Last updated: Tue 12 Mar 2019, 8:47 PM

Some deadly diseases are making a comeback, decades after scientists had largely eliminated them with vaccines. Recent outbreaks of the oldest vaccine-preventable diseases such as measles, pertussis, diphtheria and polio in developed and developing countries call for global vigilance on immunisation programmes. Public health officials attribute recent outbreaks in developed countries to vaccine hesitancy, a phenomenon as old as vaccines themselves. The World Health Organization defines vaccine hesitancy as "delay in acceptance or refusal of vaccines despite availability of vaccination services" and suggests, "It is influenced by factors such as complacency, convenience and confidence."
Vaccine hesitancy - also referred to as vaccine refusal, anxiety, social resistance and more - is "complex and context specific varying across time, place and vaccines," according to WHO. Vaccines save millions of lives, and yet researchers point out that vaccine hesitancy is a dangerous global trend - in populous emerging economies like India and China as well as advanced economies including the United States and Europe. Concerns about vaccine safety are growing in countries such as Russia, Japan, France, Italy, Greece, Vietnam, and Saudi Arabia.
With scientific breakthrough discoveries in vaccine-preventable diseases since the late 18th century, public health officials worldwide endorse immunisation as the single preventive and cost-effective health intervention. The international community promotes vaccinations as an essential factor for ensuring health equity, especially in low- and middle-income countries.
Immunisation has proven to be cost-effective with immunisation of 116.2 million infants with three doses of combined DTP3 vaccine for diphtheria, pertussis and tetanus in 2017. Despite these efforts, global vaccination coverage remains at 85 per cent, with 19.9 million infants not receiving three doses of the vaccine that year.
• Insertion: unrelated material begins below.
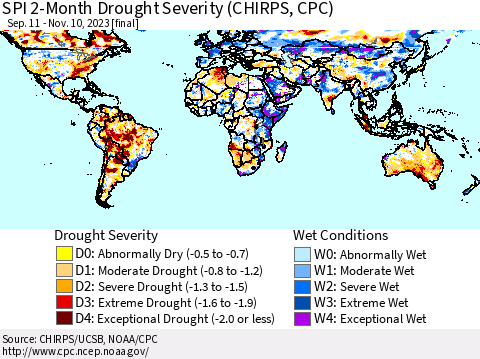 World SPI 2-Month Drought Severity (CHIRPS) Thematic Map For 9/11/2023 - 11/10/2023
Improvements in global immunisation coverage are required to prevent vaccine-preventable deaths of children worldwide every year.
A common reason given for vaccine hesitancy is lack of trust among communities and parents for immunisation campaigns. Less trust in government, vaccine researchers, the vaccine industry, and fear around safety and efficacy of vaccines are among the factors driving parents' decisions to delay or refuse vaccinations for their children.
With the rise of the anti-vaccination movement in the West, countries such as the US have seen surge in parents resisting and delaying vaccines for their children despite mandatory immunisation regulations by schools and the government. Countries like India also report hesitancy in some parts. Despite eradication of smallpox and polio, India reports other diseases long prevented by vaccines such as diphtheria in parts of the country. In 2018, the Ministry of Health and Family Welfare in collaboration with Bill and Melinda Gates Foundation commissioned a study on vaccine hesitancy in India.
There are some similarities in factors driving vaccine refusal in western countries and developing countries. Fear of risks associated with vaccines are common factors associated with vaccine hesitancy. A complex web of historical, political, sociocultural and economic factors including everyday community social networking processes shape parents' choices not to vaccinate their children in developing countries, especially among the poor and socially marginalised populations.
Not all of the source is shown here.